Fortunately, I’ve become friends with quite a few middle school teachers over the years and they offer these tips for your child transitioning to middle school.
Is it right-left-right, or left-right-left? When you only have a few minutes between classes you won’t have time to fight with your lock. Keep the combination written somewhere safe and handy, perhaps your school agenda or even in your back pocket.
Many school districts have multiple elementary schools feeding into one middle school. This means your BFF since first grade may no longer be your BFF in middle school. A new school and new opportunities can feel overwhelming at first, and old friends might temporarily be pushed aside. If you don’t have classes scheduled with your old friend, plan time to get together on weekends or during after school activities.
Your mom can’t walk you in to class on the first day like she did in kindergarten, so attend school orientation days or ask to schedule a tour over the summer. Don’t depend on older siblings to guide you around either, they will be busy themselves getting to their new classrooms.
And two specific tips for parents:
Preteen boys, and a few girls, tend to think a heavy dose of cologne or fragrant deodorant is a good enough substitute for a daily shower (it's not). Remember that middle school is often the beginning of social awareness and the desire to fit in socially is intense. No one wants to be known as the stinky kid.

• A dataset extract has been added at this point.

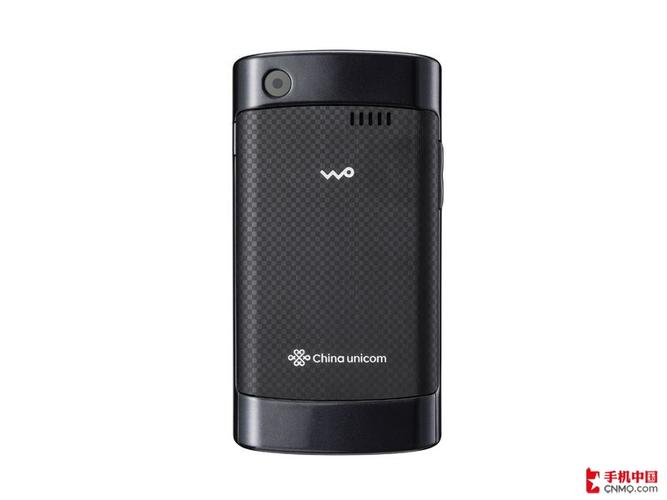 三星9308手机（三星9088手机）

Parents of younger kids think nothing of calling up the other family to discuss a playground incident, but now is the time for children to learn to navigate social norms on their own. Middle schoolers are just beginning to learn to express themselves appropriately, so events can sometimes be exaggerated to make them more interesting or to downplay their own role in a situation. Unless the incident is an act of bullying or seems to be escalating, it’s usually best to let the kids work it out themselves.

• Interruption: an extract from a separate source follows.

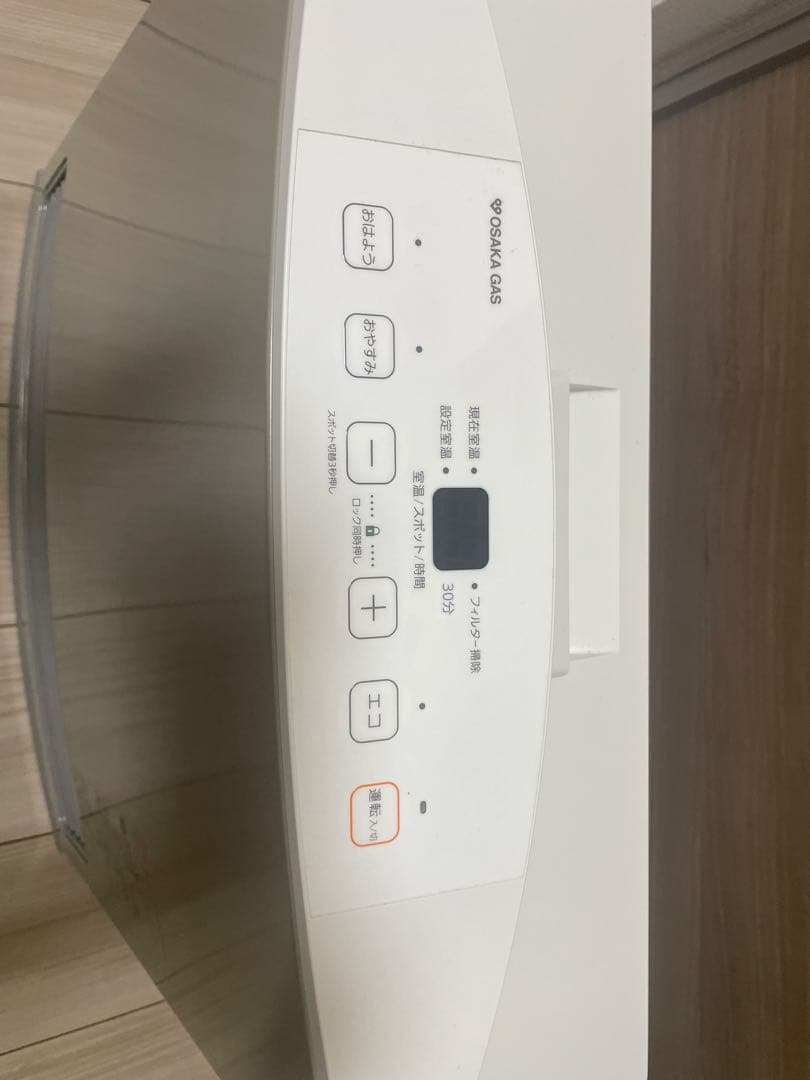 ガスファンヒーター　大阪ガス(ノーリツ)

But please keep in touch with your child's teachers and make them aware of any issues in an effort to best equip them to teach your child. Let them know whether a phone call or email is the best way to reach you and whether it’s acceptable to call during your workday. Some schools offer text messaging or automated calls for upcoming event reminders. Be sure to sign up for any parent connect system your school uses to stay on top of grades and to prevent any unexpected report card meltdowns – both by student and parent.
It’s going to be okay! Your baby is growing up and becoming more independent. This is a time of big changes, but with love, guidance, and patience both you and your child will make it through middle school, and on to a new set of challenges in high school!